I'm putting together an architecture for my institutes migration to Moodle 2 and would really appreciate some feedback from the wider community on it. The intention is to virtualise as much as we can; possibly 2 - 3 physical servers running guest OS's for load balancers, web and database cluster. Going the virtualisation route allows us to adapt the architecture a lot more. Anyway, I'm working on diagramming some more thoughts on it here, so I'll follow up this post with more information.
That all makes sense to me. We operate a similar architecture for some of our clients except that we use Apache2 rather than nginx and our haproxy is behind apache rather than stunnel.
Glad to see that you've got APC mentioned there - don't forget to tune it. Personally I'd switch to PostgreSQL over MySQL any day - though that's purely a personal view. In my experience there's greater potential to tune Postgres.
In terms of the web frontend, have you considered the data storage options? One of the benefits of an architecture like this is the ability to scale web frontends horizontally to add capacity and resiliency, but to do so you'd need a network file system (e.g. NFS) to share data on the dataroot.
Similarly, if you do go down the multiple web frontend route, I'd strongly recommend putting your moodle deployment into debian packages. This offers a greatly reduced deployment overhead (once you get your head around building packages of course). It also means that you have an easy reversion path (apt-get install COMPANY-moodle-frontend=version for example).
Thanks so much for the reply. Yes, I should have included a SAN in the attached diagram; we plan on having the moodledata/dataroot directory mounted to each of the nodes in the web cluster.
I see from another topic in this forum that Apache 2.4 has just been released. I'm not sure if we will stick with Apache or migrate to Nginx altogether. That remains to be seen.
Also, thanks for the tip on packaging up our Moodle deployment. I'm not very familiar with this. Could you elaborate a little on this?
With the way in which we operate, we have a separate branch containing our debian packaging. This is basically a debian folder at the top level containing a small selection of packaging files - e.g. changelog, copyright, rules, control, and various other bits.
There are numerous ways to build debian packages. Personally I use dpkg-buildpackage:
dpkg-buildpackage -uc -us -sa -rfakeroot
This ensures that when I build the package it's built in a fakeroot environment for example.
After building a package, we'll include it in our package repository using reprepro. It's highly worth reading the reprepro documentation and there are other (simpler) repository tools out there too.
We then have the package repository in our /etc/apt/sources.list. Installing our moodle package (or any of our other customer software) is just an apt-get install FOO away.

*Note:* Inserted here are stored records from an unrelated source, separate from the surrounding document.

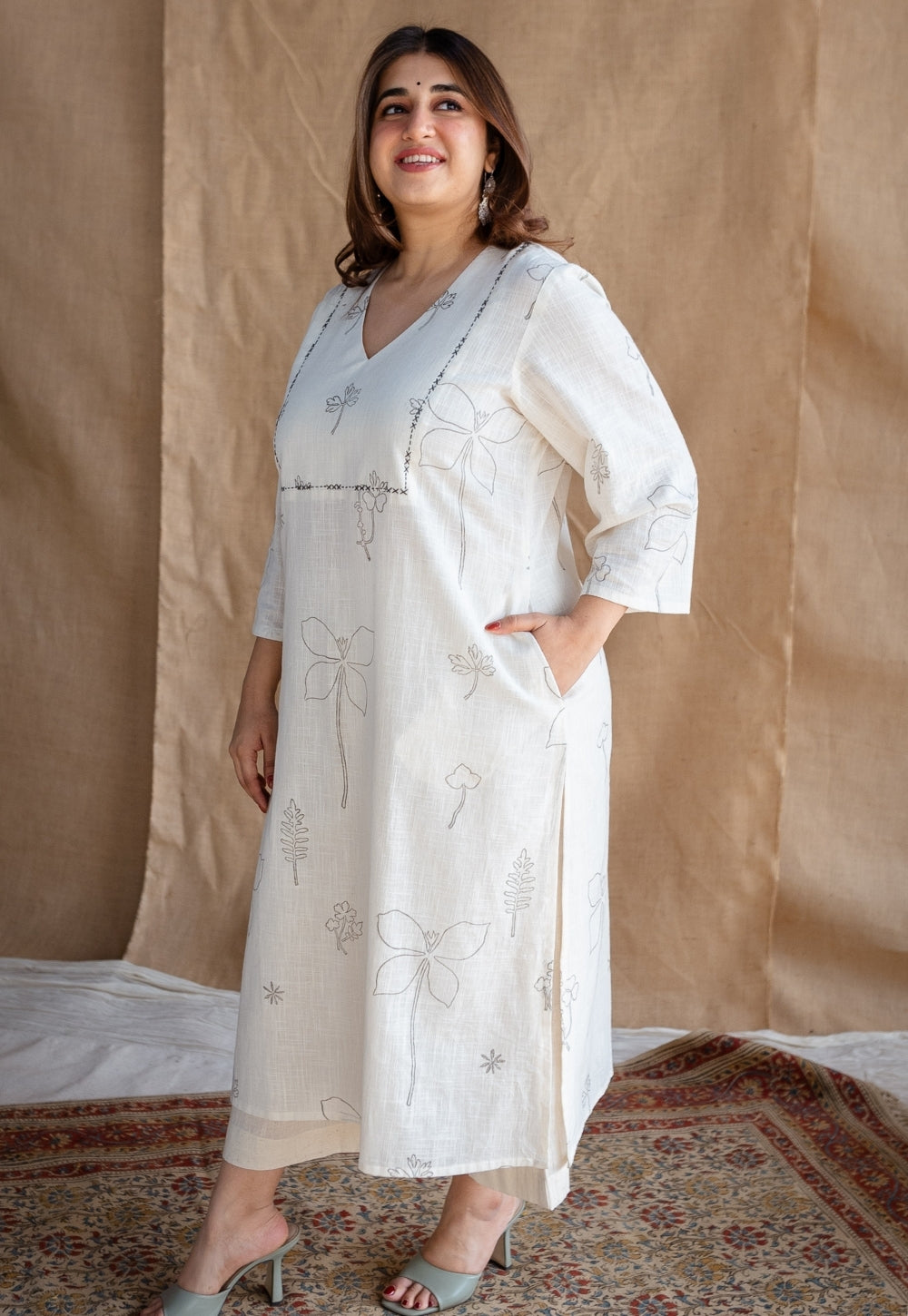 Felza Dabu Slub Cotton Hand Embroidered Kurta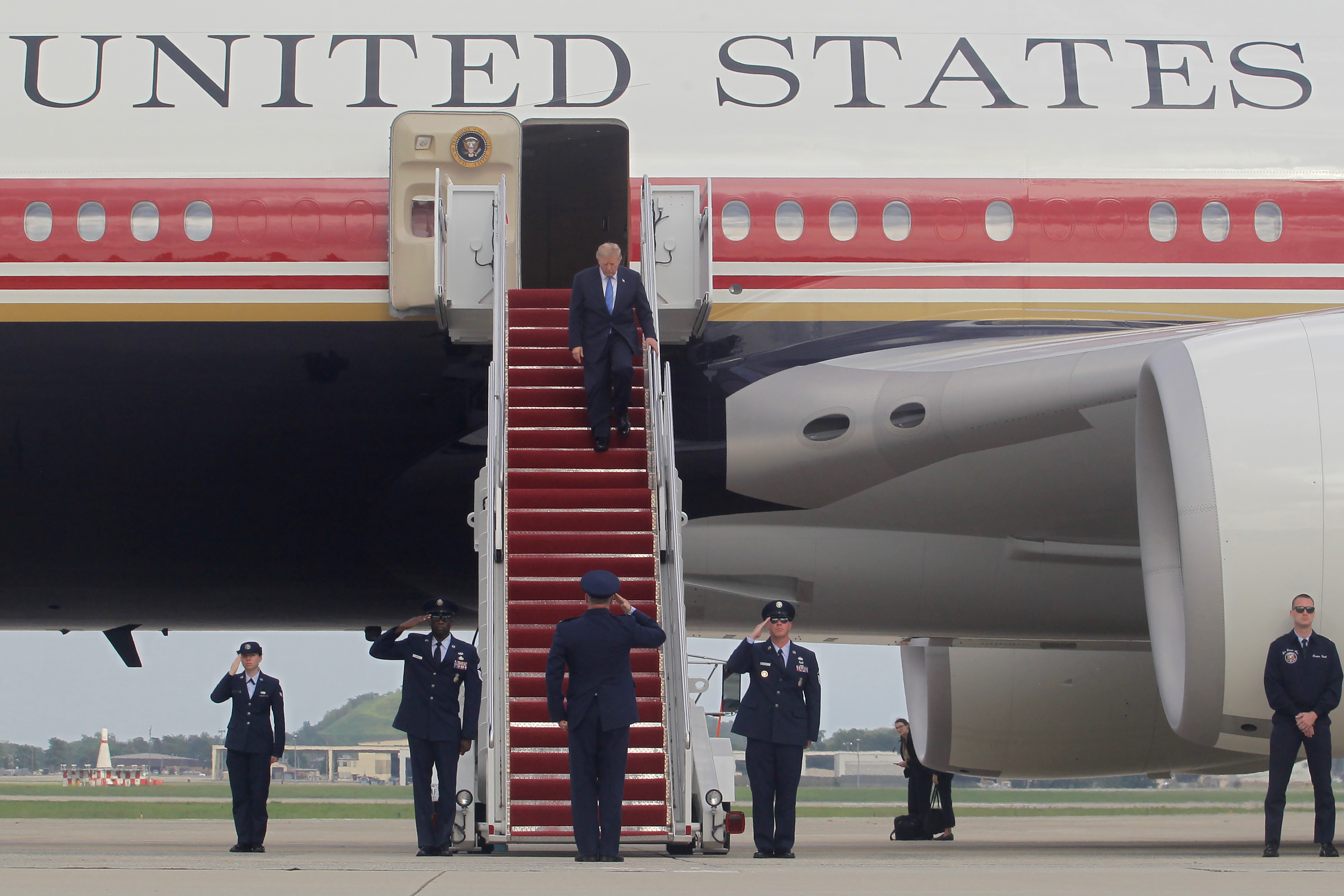 Trump to use Qatari plane for international trip despite security worries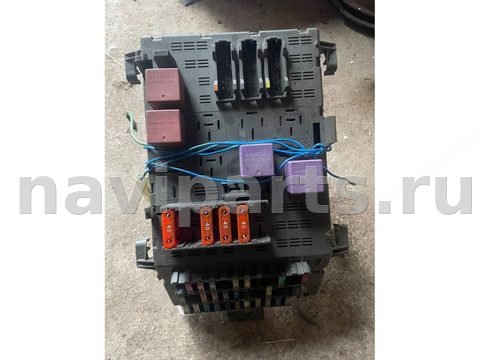 Блок предохранителей Renault Laguna, 1995 г., OEM 7703197962, арт. 108614686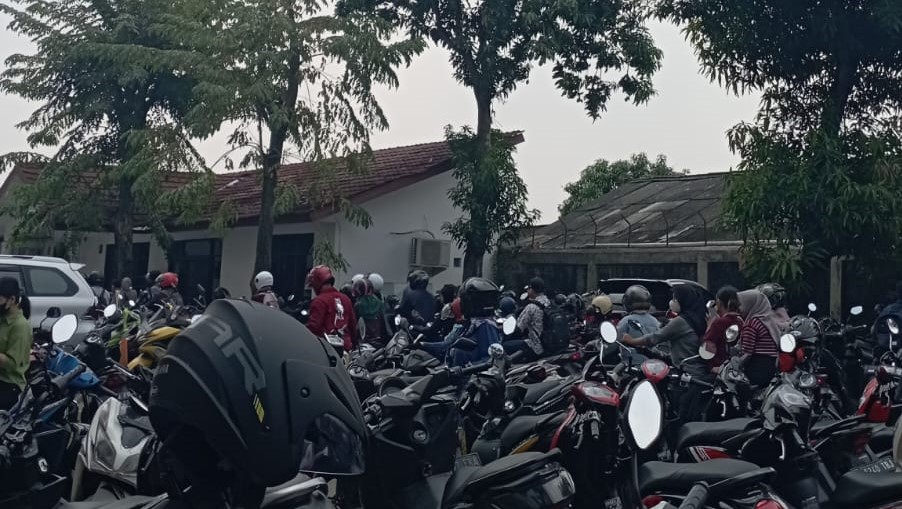 Thumbnail Artikel Lahan Parkir Tidak Memadai, Kemacetan Terjadi Depan Gedung 0104 Unsika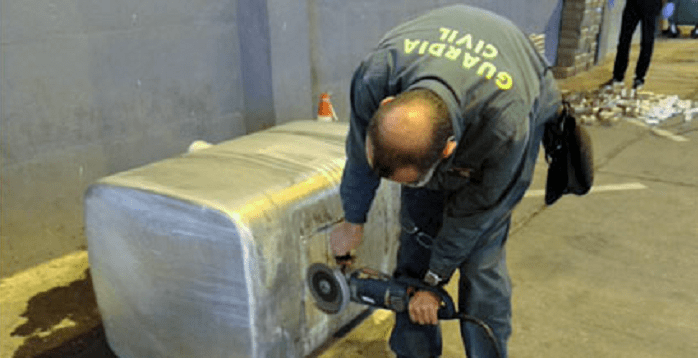 La Guardia Civil de Granada localiza 3 dobles fondos con 728 kilos de hachís en un camión procedente de Marruecos.png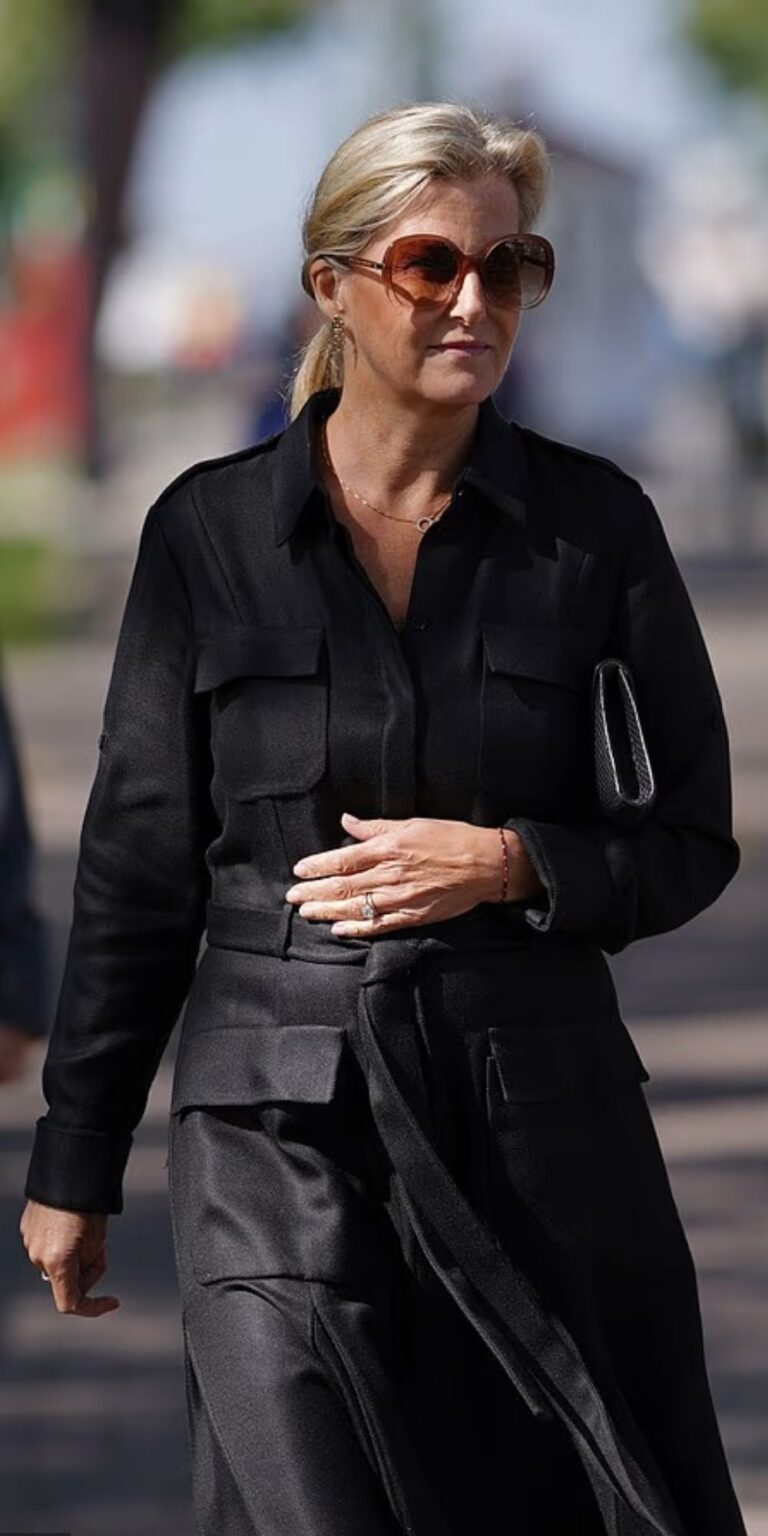 Work Outfits Ideas For Women: Structured Shirt Dress & Classic Accessories » Pin Posts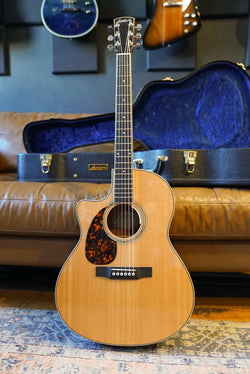 Pre-Owned Larrivee LV-05 Left-Handed Acoustic Guitar w/Case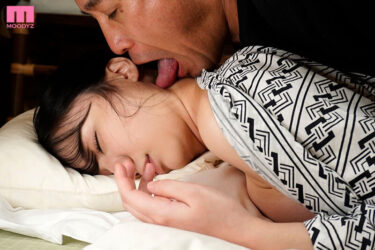 名門ボクシング部の合宿中に…集団睡姦レ●プされたデカパイ制服マネージャー 堀田真央｜mida00104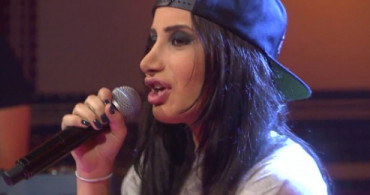 İrem Derici ''Yıldız Tilbe Kafamı Isırdı'' Dedi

I'll see if I can dig out some links on getting started and whether I can post any of our configuration to help,
We package up the entire moodle source directory with all of our customisations, additional blocks, modules, etc.
We also set the package dependencies (e.g. php5, php5-pgsql, clamav, freshclam, zip, unzip, etc...). Incidentally, we don't include apache in our dependency listing. This is because we also have a cron server which is intended to reduce the burden on the frontends and the cron server doesn't require apache (just php). This is something you may wish to consider in the future - it's relatively trivial to implement and it can make a big difference to your frontends.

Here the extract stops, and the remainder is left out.